Kernel functions for Gaussian Processes¶

This notebook gives an overview of different kernel functions for Gaussian process modeling over continuous variables. For general kernel design considerations see e.g. https://www.cs.toronto.edu/~duvenaud/cookbook/ and http://ml.dcs.shef.ac.uk/gpss/gpws14/KernelDesign.pdf.

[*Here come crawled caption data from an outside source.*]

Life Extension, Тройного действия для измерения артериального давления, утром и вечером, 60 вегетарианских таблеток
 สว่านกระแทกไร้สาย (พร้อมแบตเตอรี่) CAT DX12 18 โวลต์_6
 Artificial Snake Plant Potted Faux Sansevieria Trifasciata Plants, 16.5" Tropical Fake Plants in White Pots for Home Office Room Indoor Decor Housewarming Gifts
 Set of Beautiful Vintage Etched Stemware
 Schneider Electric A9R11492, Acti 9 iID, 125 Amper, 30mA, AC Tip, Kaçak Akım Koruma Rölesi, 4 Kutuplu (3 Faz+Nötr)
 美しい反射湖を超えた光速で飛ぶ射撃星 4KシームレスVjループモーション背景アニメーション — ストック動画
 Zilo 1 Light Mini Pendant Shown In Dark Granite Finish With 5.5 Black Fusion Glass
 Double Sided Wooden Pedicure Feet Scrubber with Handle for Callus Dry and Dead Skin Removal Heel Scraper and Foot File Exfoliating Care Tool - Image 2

For stationary kernels the covariance between two points only depends on the distance between them, \(r = |x - x'| / L\) (l2-norm), where \(L\) is the lengthscale. The lengthscale may be chosen / estimated individually for each dimension, which runs under the term "automatic relevance determination" (ARD). The variance \(\sigma^2\) specifies the magnitude of the difference in the response value between two points.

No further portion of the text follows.